* **EXERCISE AIM**
Quote the listing below in its entirety, omitting every image.

* **DATA EXTRACT**

"""

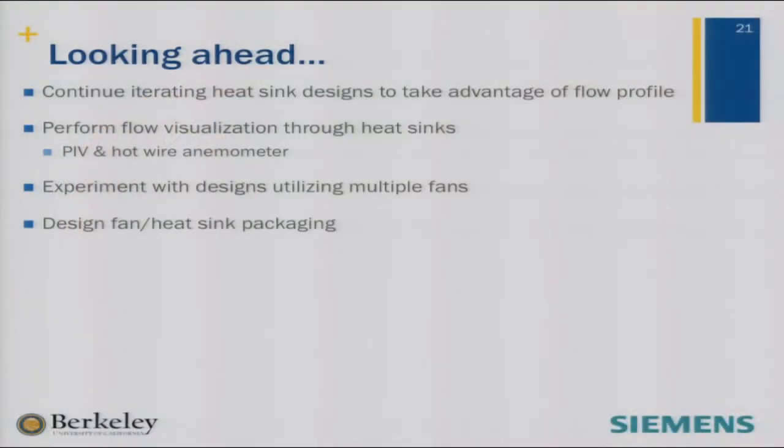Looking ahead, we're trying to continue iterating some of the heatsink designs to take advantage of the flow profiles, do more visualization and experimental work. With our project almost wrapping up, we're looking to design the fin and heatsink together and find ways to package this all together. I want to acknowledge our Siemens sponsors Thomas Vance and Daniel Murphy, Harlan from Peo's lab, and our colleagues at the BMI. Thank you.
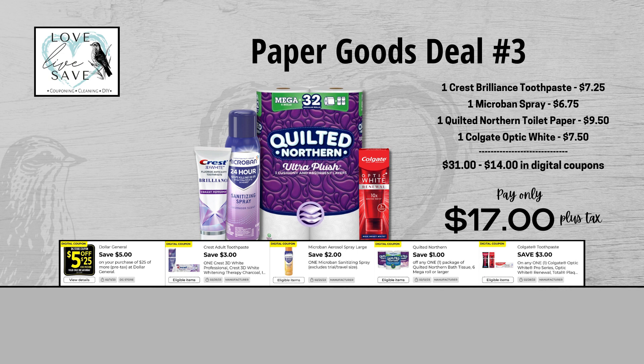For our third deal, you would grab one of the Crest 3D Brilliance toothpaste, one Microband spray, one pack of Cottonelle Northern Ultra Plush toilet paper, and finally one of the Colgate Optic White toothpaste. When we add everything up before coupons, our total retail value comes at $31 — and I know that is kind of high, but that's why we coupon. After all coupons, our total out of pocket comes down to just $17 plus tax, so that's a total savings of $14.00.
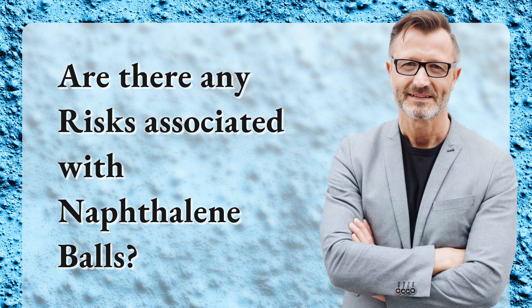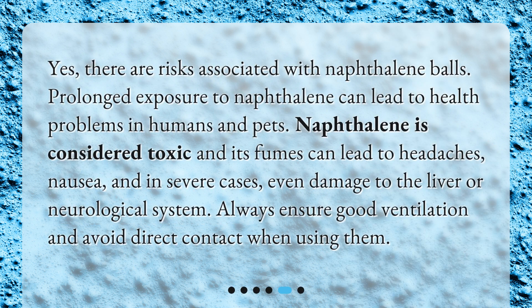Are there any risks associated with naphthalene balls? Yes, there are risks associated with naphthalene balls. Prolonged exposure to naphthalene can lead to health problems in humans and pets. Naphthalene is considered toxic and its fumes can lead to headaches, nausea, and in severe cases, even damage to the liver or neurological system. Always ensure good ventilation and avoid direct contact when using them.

"""

* **YOUR RESPONSE**
Looking ahead, we're trying to continue iterating some of the heatsink designs to take advantage of the flow profiles, do more visualization and experimental work. With our project almost wrapping up, we're looking to design the fin and heatsink together and find ways to package this all together. I want to acknowledge our Siemens sponsors Thomas Vance and Daniel Murphy, Harlan from Peo's lab, and our colleagues at the BMI. Thank you.
For our third deal, you would grab one of the Crest 3D Brilliance toothpaste, one Microband spray, one pack of Cottonelle Northern Ultra Plush toilet paper, and finally one of the Colgate Optic White toothpaste. When we add everything up before coupons, our total retail value comes at $31 — and I know that is kind of high, but that's why we coupon. After all coupons, our total out of pocket comes down to just $17 plus tax, so that's a total savings of $14.00.
Are there any risks associated with naphthalene balls? Yes, there are risks associated with naphthalene balls. Prolonged exposure to naphthalene can lead to health problems in humans and pets. Naphthalene is considered toxic and its fumes can lead to headaches, nausea, and in severe cases, even damage to the liver or neurological system. Always ensure good ventilation and avoid direct contact when using them.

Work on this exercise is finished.